Hervé Villechaize

Hervé Villechaize Biography

Hervé Villechaize as Nick Nack

Hervé Villechaize was a French actor and painter born on April 23, 1943, in Nazi-occupied Paris, France. Born with dwarfism due to an endocrine disorder, his father tried unsuccessfully to cure him in several institutions.

At the age of 16, Hervé Villechaize entered the École des Beaux-Arts to study art and became the youngest artist to have his work displayed in the Museum of Paris in 1961.

Villechaize moved the the US in 1964 and initially worked as an artist, painter, and photographer, and then transitioned to acting, starting with Off-Broadway productions including Werner Liepolt’s The Young Master Dante before getting into film.


Hervé Villechaize’s film career began with his first film appearance in Chappaqua in 1966, followed by Item 72-D: The Adventures of Spa and Fon in 1969. He went on to appear in several other films including The Gang That Couldn’t Shoot Straight in 1971, Malatesta’s Carnival of Blood in 1973, Crazy Joe in 1974, and Oliver Stone’s first film, Seizure in 1974.

Villechaize’s biggest break came when he was cast as Francesco Sacramanga’s henchman Nick Nack in the Bond film The Man with the Golden Gun in 1974. He starred in a few other films afterwards, notably in Airplane II: The Sequel (1982), but is best known for his starring role in the long running American TV show Fantasy Island (1977-1984).

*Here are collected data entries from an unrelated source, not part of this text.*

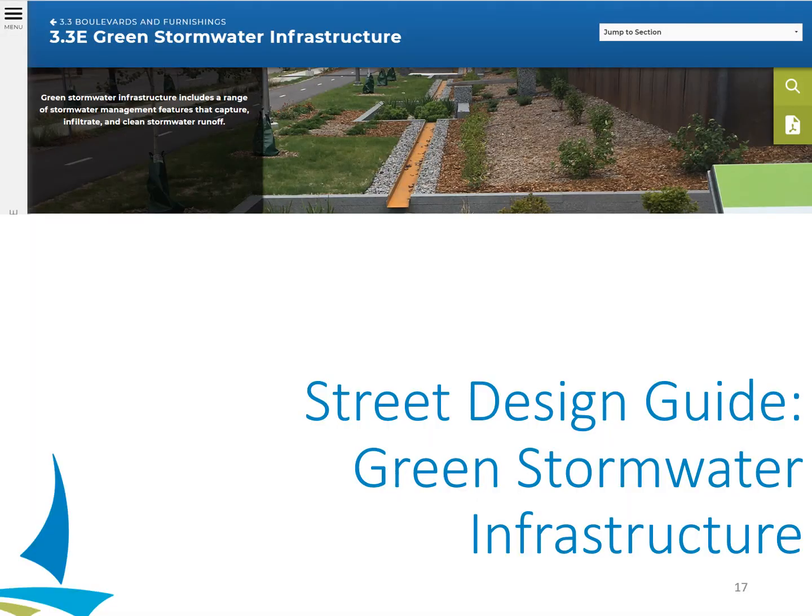That was an overview of the stormwater ordinance and how to meet the requirements on transportation projects. Now I'm going to shift to cover one of the best tools we have to help designers meet these new ordinance requirements on transportation projects — and that's the GSI section of the Street Design Guide. We have an abundance of training available for the entire Street Design Guide, so please reach out if you find that would be useful. For now, I'll just be introducing the GSI section of the guide.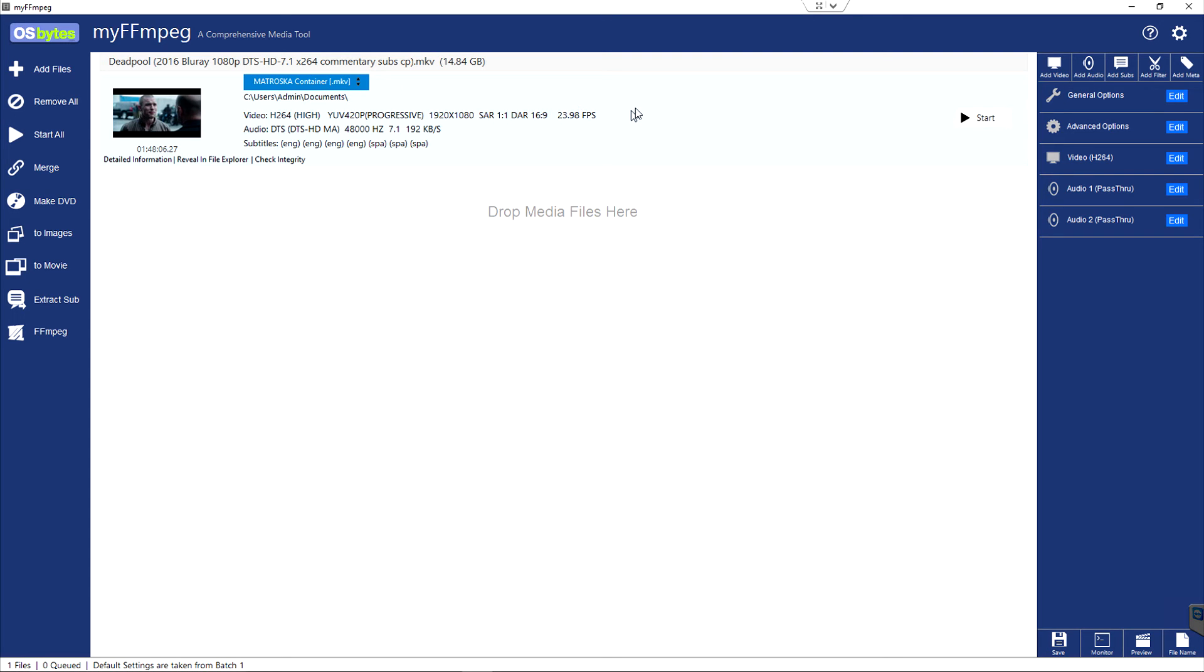And so at this point, we're all set to go. We can go ahead and click start and it would process the file and eliminate the second original audio track embedded in the file. Thanks for watching.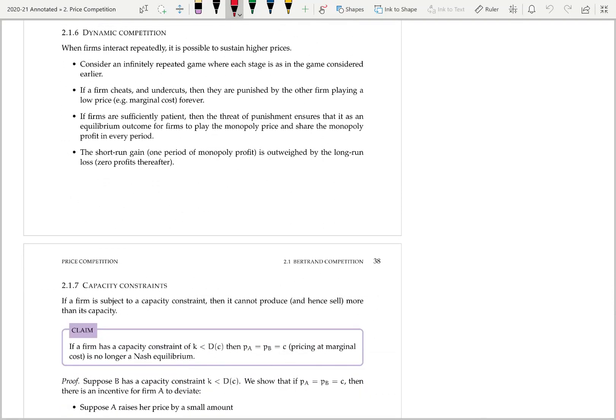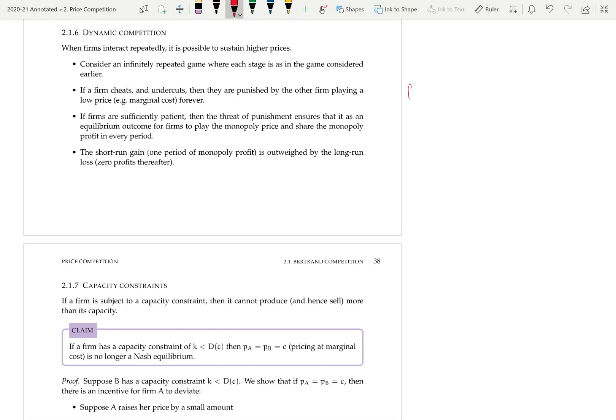To consider the case of dynamic competition, let's think about a model where firms play the Bertrand game repeatedly forever. We're going to think about why in such a model it might be possible to sustain higher prices. So we have the Bertrand model as an infinitely repeated game, and we're going to look at how a grim trigger strategy can sustain higher prices. Let PM be the monopoly price and let ΠM be the monopoly profit. We're going to see that it can be an equilibrium to price at the monopoly level PM and get half the monopoly profit each.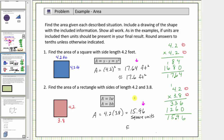Rounded to the nearest tenths, it is important that we include the point zero because this indicates we rounded to the tenths place value. If we just put sixteen, it would look like we rounded to the ones place value. This should make sense because fifteen point nine six is closer to sixteen point zero than to fifteen point nine.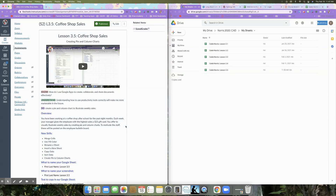Hey everyone, Mrs. Norris here. In this tutorial I'm going to be walking you through lesson 3.5 coffee shop sales. In this activity we're going to be creating pie and column charts within our Google Sheets. You've been working at a coffee shop after school for the past eight months. Each week your manager gives the employee with the highest sales a $25 gift card. You offer to visually illustrate weekly sales by creating pie and column charts to motivate the staff — these will be posted on the employee bulletin board.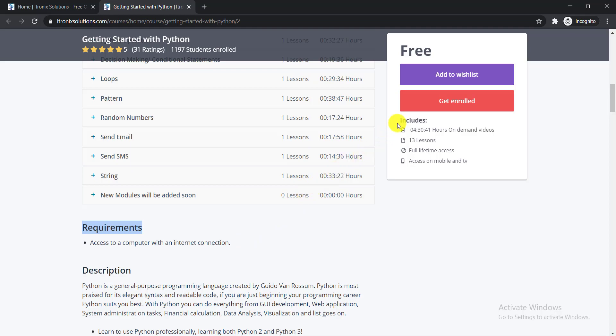Let's see what this course includes. The total duration of this course is 4 hours and 30 minutes. It contains 13 lessons, full lifetime access, and you can access this course from your mobile or using your TV.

In the Fantasy Island series, Hervé Villechaize played character Tattoo, Mr. Roarke’s assistant, and his catchphrase “The plane! The plane!” from the show became one of its most memorable lines.

Villechaize also had smaller roles in shows Taxi and played the title role in the Rumpelstiltskin episode of Shelley Duvall’s Faerie Tale Theatre. Hervé Villechaize also recorded a single, Children of the World, with Cleveland International Records in 1980 as a vocalist.

Hervé Villechaize’s struggled with alcohol and depression, which caused him to miss out on numerous acting opportunities. He also experienced deteriorating health, including ulcers and a spastic colon, and came close to dying from pneumonia in 1992.

On September 4th, 1993, after viewing a movie, Villechaize wrote a note and recorded a tape before tragically taking his own life in his backyard. His common-law wife, Kathy Self, found his body and called for medical assistance, but he passed away at the Medical Center of North Hollywood at 3:40 pm. Villechaize was cremated, and his ashes were spread at Point Fermin in Los Angeles.